Sin embargo, otras fuentes consultadas opinan que las posibilidades de que prospere este nuevo recurso de la defensa del ex asesor ministerial no son muy altas.
Koldo contra la personación
De la Hoz considera que «no procede» el ofrecimiento a Ineco y Tragsatec, al entender que ambas entidades «no pueden ostentar la condición de perjudicadas». Según De la Hoz, las empresas «deberían ser objeto de la acción penal en calidad de responsables».
Su argumento se fundamenta así: «No se puede ejercer la acción penal (como acusación o perjudicado) cuando la propia entidad debe ser sujeto de la acción penal por la falta de controles internos que permitieron la supuesta malversación y el supuesto tráfico de influencias», sostiene la abogada.
De la Hoz denuncia además una situación de «selección estratégica de imputados» que convierte a las empresas «en acusadores, evadiendo su verdadera condición». En su opinión, «sería incompatible la posición de acusado y perjudicado, aunque estén separadas en el tiempo ambas posiciones, en procedimientos distintos, pero por el mismo hecho».

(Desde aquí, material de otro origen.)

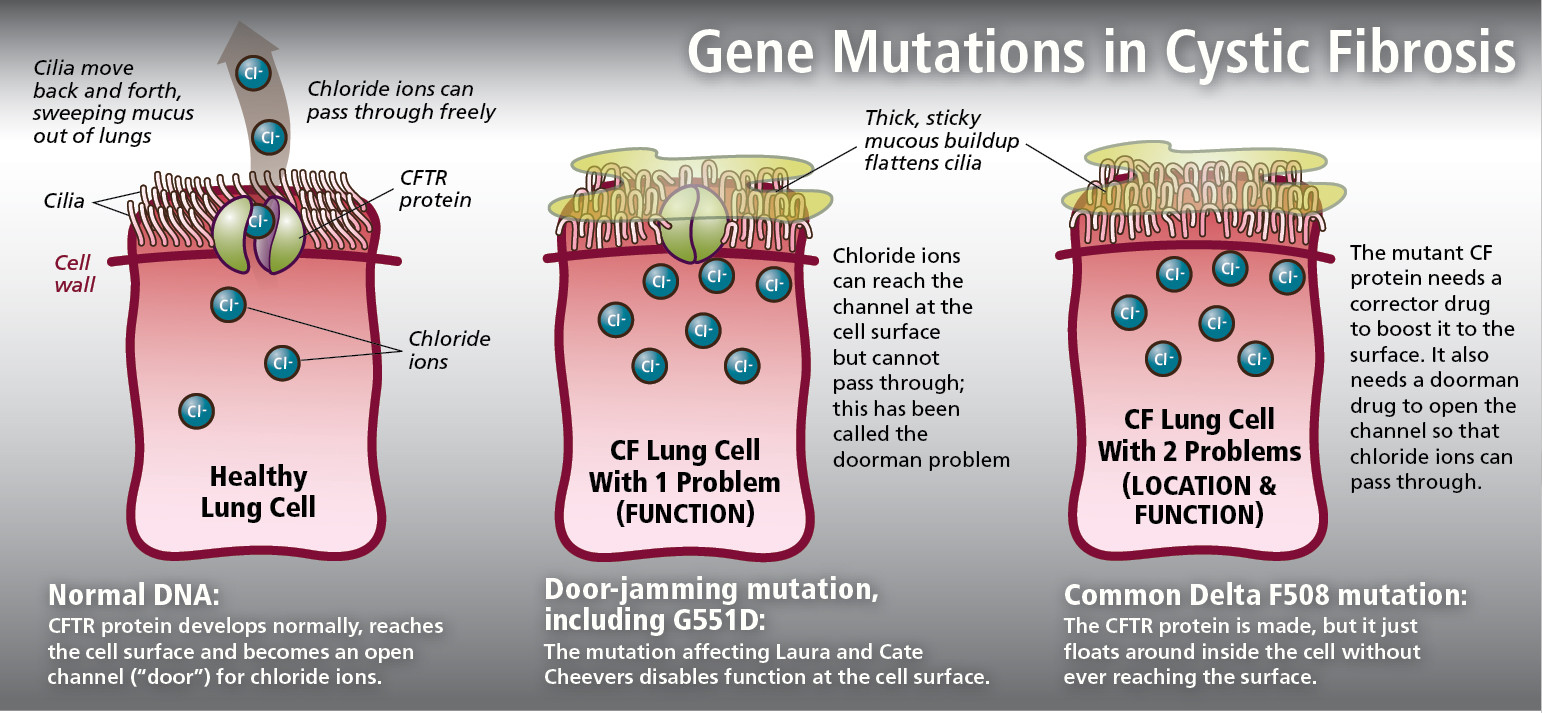 Gene Mutations in Cystic Fibrosis
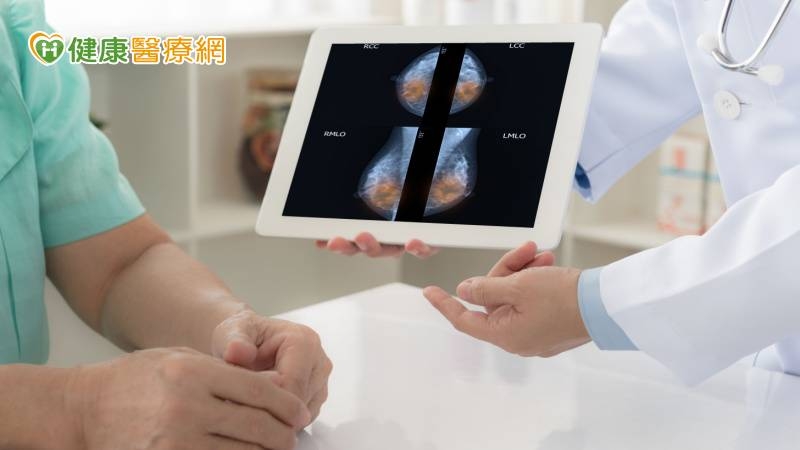 BRCA提前把關罹癌風險 精準醫療乳癌新利器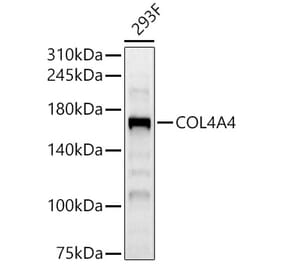 Western Blot - Anti-Collagen IV Antibody (A309788) - Antibodies.com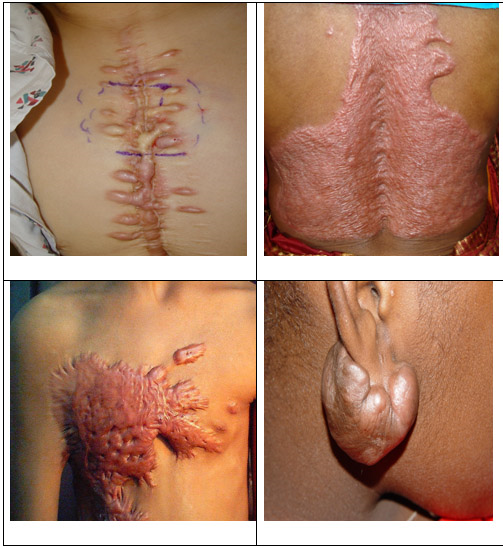 Những điều cần biết về Sẹo Lồi (Keloid - Chéloïde)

Juicio desde el 7 de abril
El juicio oral comenzará el próximo 7 de abril a las 10.00 horas en el Salón de Plenos del Tribunal Supremo y se extenderá durante 13 sesiones –algunos días con sesión de tarde–, con conclusión prevista el 30 de ese mismo mes.
Más de 75 testigos están llamados a declarar, entre ellos, el primer día, el hijo del ex ministro, el hermano de Koldo, varios socios de Aldama y Jésica Rodríguez, ex pareja de Ábalos. Ábalos y Koldo permanecen en prisión provisional desde el pasado 27 de noviembre.
Respecto al orden de declaración de los acusados, previsiblemente el 28 de abril, la abogada de Koldo ha manifestado que «no se opone» a que Ábalos sea el último en intervenir.
La prioridad de su defendido es declarar después de Aldama porque, en su opinión, el empresario «ejerce, de facto, un rol de acusación mediante sus manifestaciones», lo que exige que Koldo «conozca previamente el contenido de dicha declaración para poder ejercer la contradicción de manera efectiva». El orden acordado sería: Aldama, Koldo y, por último, Ábalos.
La Fiscalía Anticorrupción pide 24 años de prisión para Ábalos, 19 y medio para Koldo, y 7 para Aldama —quien ha admitido la acusación— por presuntos delitos de pertenencia a organización criminal, tráfico de influencias, cohecho, malversación y uso de información privilegiada. Las acusaciones populares elevan la petición para el ex ministro y su ex asesor hasta los 30 años de cárcel.
El caso Koldo surgió como un escándalo de comisiones ilegales durante la pandemia y se ha convertido en el mayor proceso penal contra un miembro del Ejecutivo de Sánchez. Ahora, con el propio Estado acusando a su ex ministro a través de la Abogacía del Estado, el Gobierno ha cruzado el Rubicón: ya no hay forma de mirar hacia otro lado.